Design trade-offs to discuss during interviews:
- Consistency vs. availability for indexing and replication.
- Indexing every field (fast queries) vs. storage and ingestion cost.
- Real-time indexing (lower latency) vs. batching for throughput and cost efficiency.
4) Behavioral interviews — Amazon Leadership Principles
Amazon places heavy weight on Leadership Principles. Interviewers expect concrete stories showing how you applied principles like Customer Obsession, Ownership, Dive Deep, Bias for Action, and Earn Trust.
How to prepare:
- Use the STAR format (Situation, Task, Action, Result) for each story.
- Prepare multiple examples that show impact, technical depth, and collaboration.

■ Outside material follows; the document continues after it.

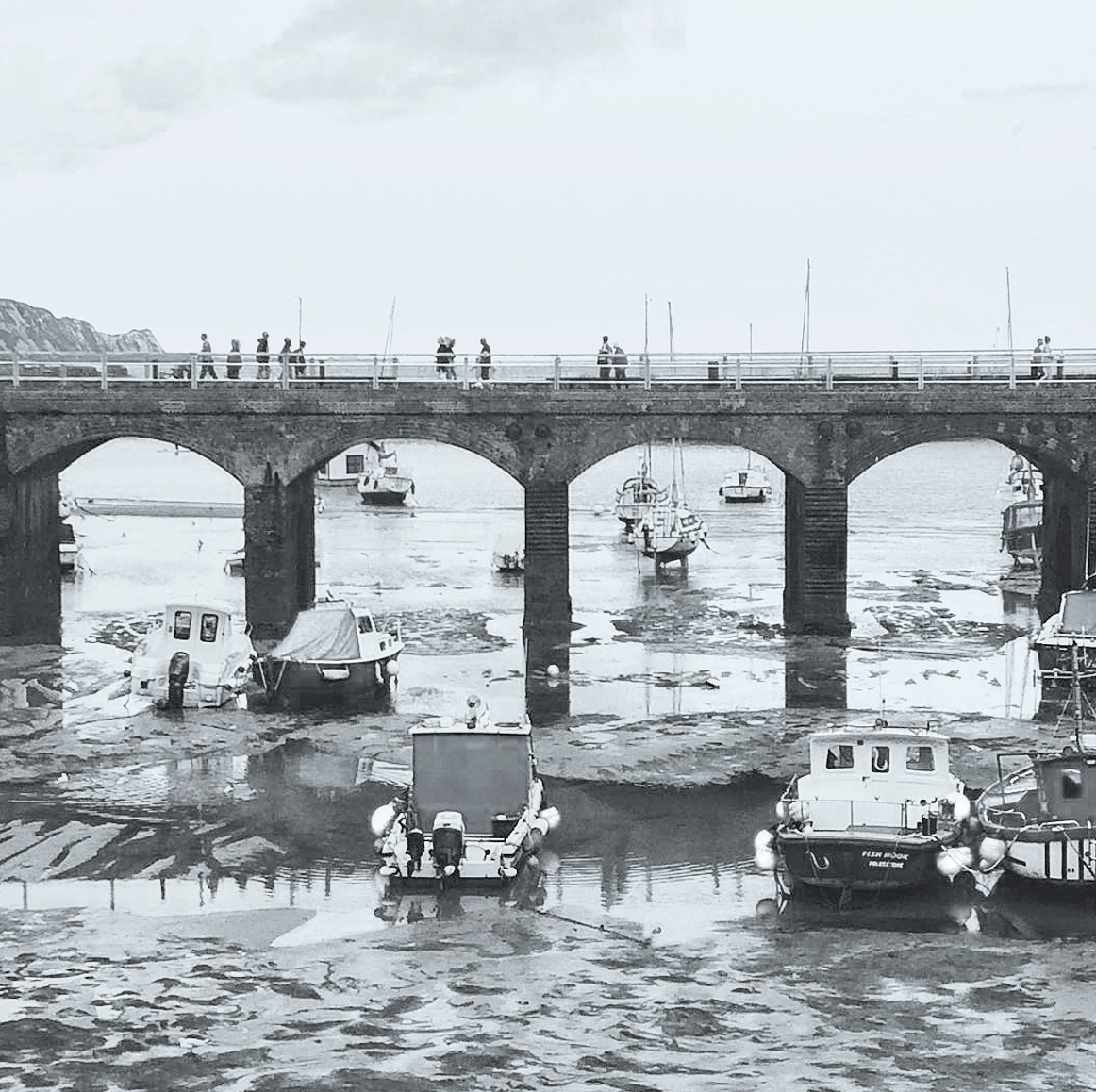 People walking along a pier with boats docked below, in a black and white photo.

- For each principle, have 1–2 stories ready; adapt details to the prompt.
- Be honest about mistakes and highlight what you learned and changed.
Example prompt and approach:
- Prompt: "Tell me about a time you took ownership of a failing project."
- Answer structure: quickly set the scene, quantify the problem (metrics), explain actions taken (technical and people), and close with measurable results and lessons.
Final takeaways & prep checklist
- Balance depth: prepare both technical problem-solving (algorithms, systems, coding) and behavioral stories mapped to Leadership Principles.
- Practice the typical phone-screen pattern: clarify, propose, optimize, implement, and test.
- For system design, practice end-to-end architecture, trade-offs, scaling strategies, and operations concerns.
- Mock interviews: timed coding rounds and design walkthroughs with feedback.
- Communication: narrate your thought process, and ask clarifying questions early.
Good luck! Prepare thoroughly, focus on clear communication, and back your behavioral answers with measurable impact.